Entonces el congresista, no pudo maniatar la bestia fiera de su ardor corporal y, erotizado al máximo, no esperó estar en lugar privado para dar rienda suelta a sus bajas pasiones visuales. Y sentado en su escaño, en plena jornada de trabajo, sin ninguna decencia, entró en los servicios pornográficos y se entretuvo contemplando escenas al rojo vivo, poses de fuego, pasiones descontroladas. Tan ensimismado estaba en su vicio, tan perdido andaba en su obsesión por mirar lo que otros y otras hacen que no le importó que los demás parlamentarios debatieran sobre la nueva ubicación del Congreso. Ensimismado en su navegar por los laberintos pornos no se dio cuenta que alguien le filmaba. El señor Arifinto, nombre verdadero del erotómano, tuvo que renunciar a su curul, a las gollerías de los viáticos y otras gangas,  a su jugoso sueldo. 

El hecho ocurrió en Indonesia y parece que nada tiene que ver con nosotros, los peruanos. Pero el congresismo de la blanca y roja no anda muy lejos de Arifinto. No necesariamente cerca de su desvío sexual, sino de su escape de la labor, su concha para dedicarse a otra cosa entre los escaños, su transgresión añiñada de la majestad legislativa. Los parlamentarios de por acá tienen lo suyo. No escatiman, no escarmientan. Dicen, hacen, patrocinan, cada cosa.

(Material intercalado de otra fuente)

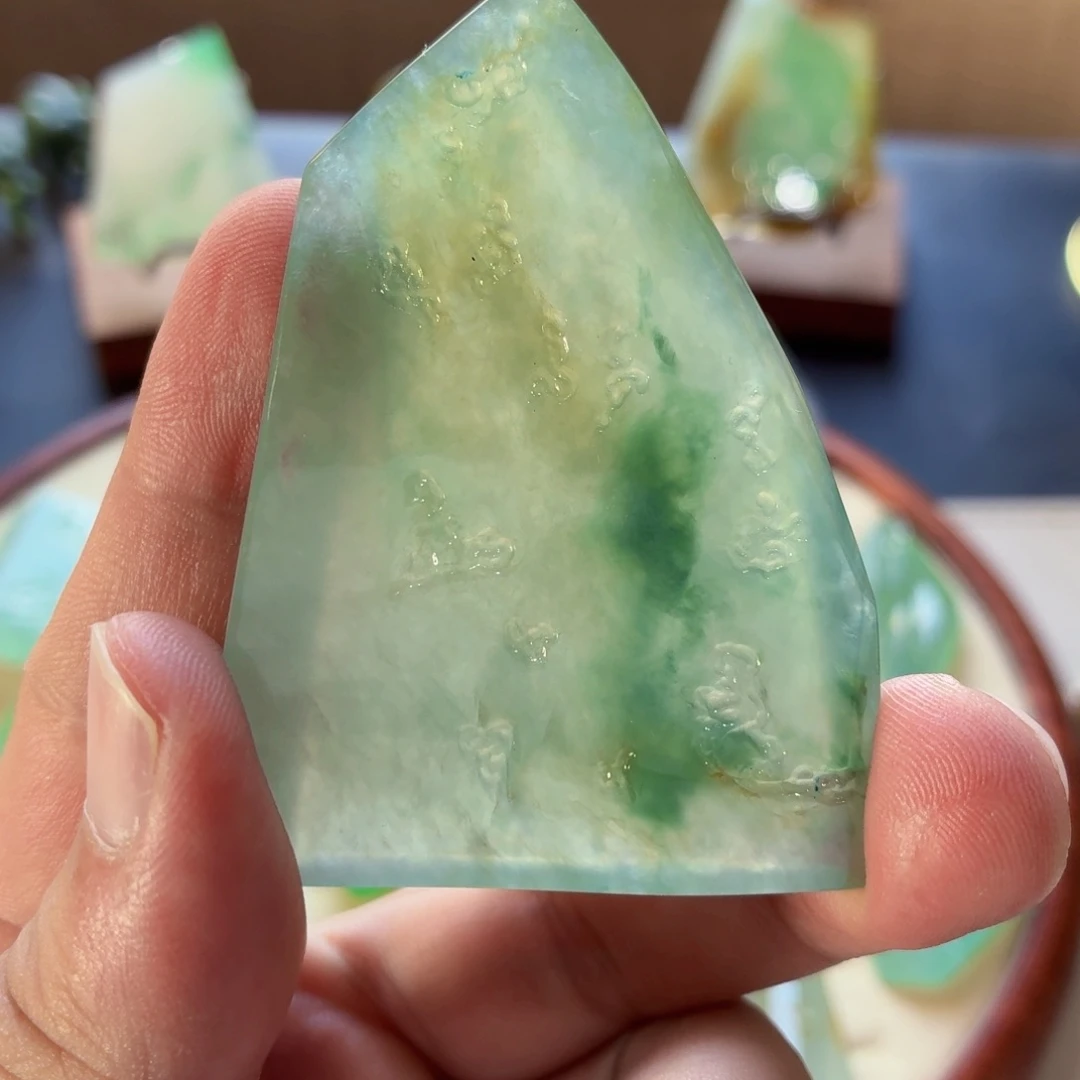 定制翡翠未镶嵌翡翠首饰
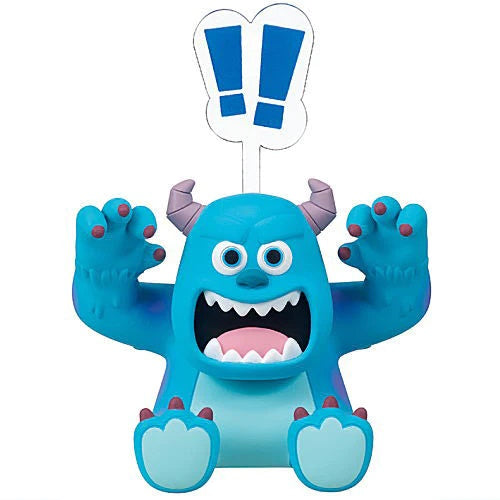 Disney Monsters Inc Pikon Kokoro Collection Takara Tomy 2-Inch Mini-Figure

Y cobran cada mes con todo desparpajo. No son bien vistos por la población en general desde hace tiempo. Y, como es natural, son parte del deterioro de la imagen del poder en este país.    

El Congreso, como entidad mayor, como contrapeso del presidencialismo, como centro de la emisión de leyes acordes con las demandas de los tiempos, anda por los suelos, invadido por arifintos de todo pelaje y filiación. El Congreso que se instalará este 28 de Julio es un pelotón apretujado, un tropel de representantes cercanos unos de otros, donde ningún partido tendrá la mayoría. En ese escenario de los escaños no caben los nuevos arifintos.